→ DATA RECORDS:
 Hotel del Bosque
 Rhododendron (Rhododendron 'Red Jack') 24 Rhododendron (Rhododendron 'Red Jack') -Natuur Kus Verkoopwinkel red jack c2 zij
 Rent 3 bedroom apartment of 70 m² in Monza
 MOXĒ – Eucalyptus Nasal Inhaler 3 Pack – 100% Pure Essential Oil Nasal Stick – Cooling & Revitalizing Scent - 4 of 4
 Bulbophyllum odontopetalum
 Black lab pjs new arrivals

---

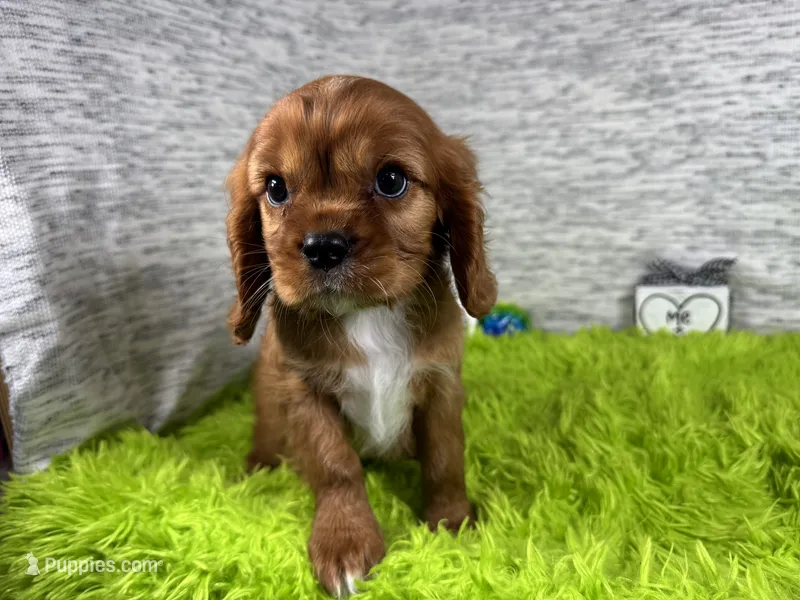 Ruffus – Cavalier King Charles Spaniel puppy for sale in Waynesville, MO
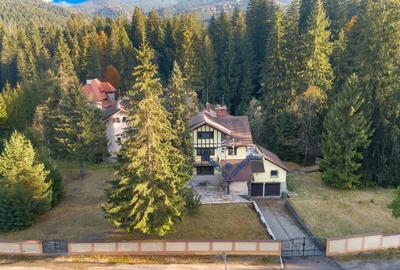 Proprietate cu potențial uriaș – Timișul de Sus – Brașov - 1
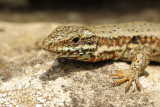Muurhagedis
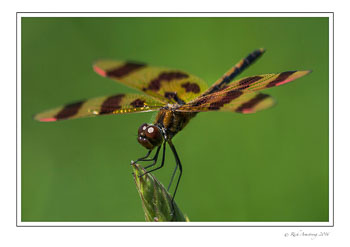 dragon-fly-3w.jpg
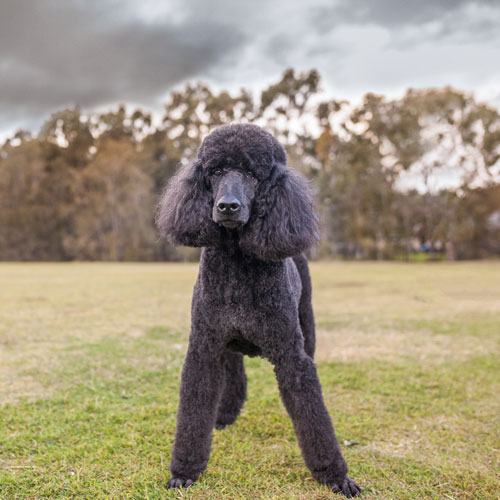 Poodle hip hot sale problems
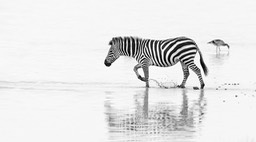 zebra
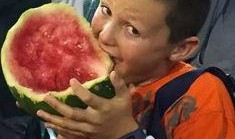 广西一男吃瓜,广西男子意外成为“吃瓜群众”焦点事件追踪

→ DIRECTIONS: Scan the listing above for the line that has "Hotel del Bosque", then copy exactly from that line through the line that has "Black lab pjs new arrivals".

→ EXERCISE SOLUTION:
 Hotel del Bosque
 Rhododendron (Rhododendron 'Red Jack') 24 Rhododendron (Rhododendron 'Red Jack') -Natuur Kus Verkoopwinkel red jack c2 zij
 Rent 3 bedroom apartment of 70 m² in Monza
 MOXĒ – Eucalyptus Nasal Inhaler 3 Pack – 100% Pure Essential Oil Nasal Stick – Cooling & Revitalizing Scent - 4 of 4
 Bulbophyllum odontopetalum
 Black lab pjs new arrivals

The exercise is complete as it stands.